DESCRIPTION OF THE TASK: Each line in the data must be reproduced as written, except for any picture.

GIVEN MATERIAL:
::::::::::
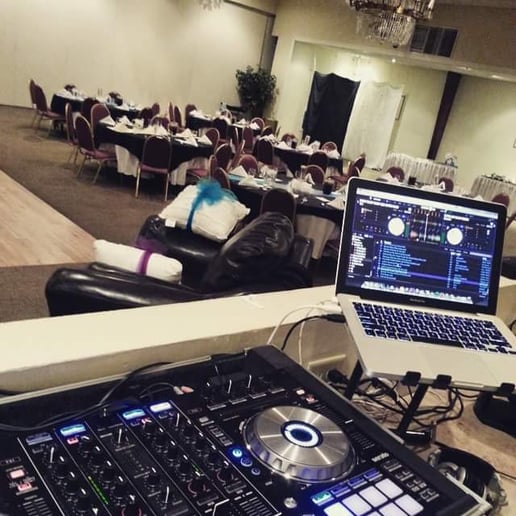 Gallery photo 2 of Dj Jay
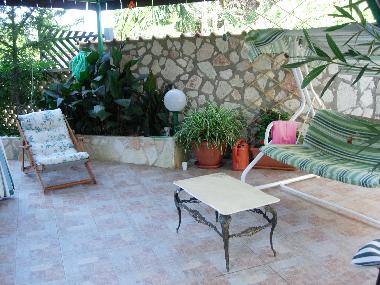 Appartement de vacances �/en/au TRAPPETO (Palermo)ou appartement ou maison de vacances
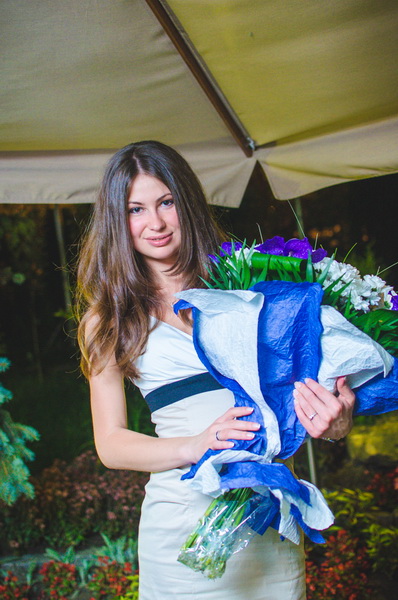  Summer Terrace @  (L`orangerie)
::::::::::
ANSWER TO THIS TASK:
 Gallery photo 2 of Dj Jay
 Appartement de vacances �/en/au TRAPPETO (Palermo)ou appartement ou maison de vacances
  Summer Terrace @  (L`orangerie)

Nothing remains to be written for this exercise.